• _Exercise description_: Nothing may be dropped or added when the entries below are copied.

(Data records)
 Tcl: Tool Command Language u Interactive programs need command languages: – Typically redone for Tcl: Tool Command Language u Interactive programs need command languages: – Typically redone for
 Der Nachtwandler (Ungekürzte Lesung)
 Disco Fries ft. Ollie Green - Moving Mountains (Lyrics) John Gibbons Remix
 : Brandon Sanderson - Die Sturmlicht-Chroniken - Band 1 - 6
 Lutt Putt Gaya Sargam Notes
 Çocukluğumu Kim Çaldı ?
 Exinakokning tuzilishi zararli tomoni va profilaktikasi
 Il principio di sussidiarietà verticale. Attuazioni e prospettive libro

• _Solution to the problem_:
 Tcl: Tool Command Language u Interactive programs need command languages: – Typically redone for Tcl: Tool Command Language u Interactive programs need command languages: – Typically redone for
 Der Nachtwandler (Ungekürzte Lesung)
 Disco Fries ft. Ollie Green - Moving Mountains (Lyrics) John Gibbons Remix
 : Brandon Sanderson - Die Sturmlicht-Chroniken - Band 1 - 6
 Lutt Putt Gaya Sargam Notes
 Çocukluğumu Kim Çaldı ?
 Exinakokning tuzilishi zararli tomoni va profilaktikasi
 Il principio di sussidiarietà verticale. Attuazioni e prospettive libro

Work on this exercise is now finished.